The planets will align this spring for Fusebox Festival’s 20th anniversary. Yes, technically, our moon will align to block the sun over Austin on April 8 for a total eclipse. Still, Texas’s preeminent multidisciplinary performing arts festival couldn’t have asked for a more wondrous cosmic performance as opening act for a 20 year celebration.
In fact, the last time Austin lay in the path of totality was in 1397, before there was an Austin or a Texas, so Berry says they knew they wanted to add eclipse programming to this special Fusebox anniversary. They decided to open the Festival a few days early and partner with several local organizations to help produce two outdoor events.
The festival opens Sunday, April 7, at Waterloo Park with The Universe in Verse, created and hosted by Maria Popova. Billed as a celebration of science and wonder of reality, the event will feature stories of science and poetry readings from poets, cosmologists and musicians such as Joan as Police Woman and David Byrne. The next day, the Long Center will host an eclipse viewing party. NPR’s Radiolab will record a special episode of their show. The party will include music by Austin composer Graham Reynolds, who will also debut his new album later in the festival, and visual storytelling from writers Roxane Gay and Debbie Millman.

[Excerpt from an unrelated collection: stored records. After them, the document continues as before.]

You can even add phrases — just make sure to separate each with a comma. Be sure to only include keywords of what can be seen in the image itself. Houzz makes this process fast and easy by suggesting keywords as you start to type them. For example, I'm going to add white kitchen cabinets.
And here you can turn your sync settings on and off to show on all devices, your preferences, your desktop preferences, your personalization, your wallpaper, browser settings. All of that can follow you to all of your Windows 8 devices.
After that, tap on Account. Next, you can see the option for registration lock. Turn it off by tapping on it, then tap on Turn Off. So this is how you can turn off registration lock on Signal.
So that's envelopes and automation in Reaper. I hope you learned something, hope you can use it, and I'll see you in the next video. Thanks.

The Festival will take a break on Tuesday before presenting five more days of programming featuring local, national and international alumni artists of past festivals, as well as new faces.
“We definitely liked the idea of featuring some artists from our 20 year history and bringing them back with new projects. We also wanted to make sure there were new artists that folks in Austin had not gotten to experience.”
Several of the artists in this year’s festival are also part of Fusebox Presents, Fusebox’s new year-round performance series produced in partnership with Texas Performing Arts. Fusebox announced the series last year, while giving notice that the festival would move to a biennial schedule after 2024.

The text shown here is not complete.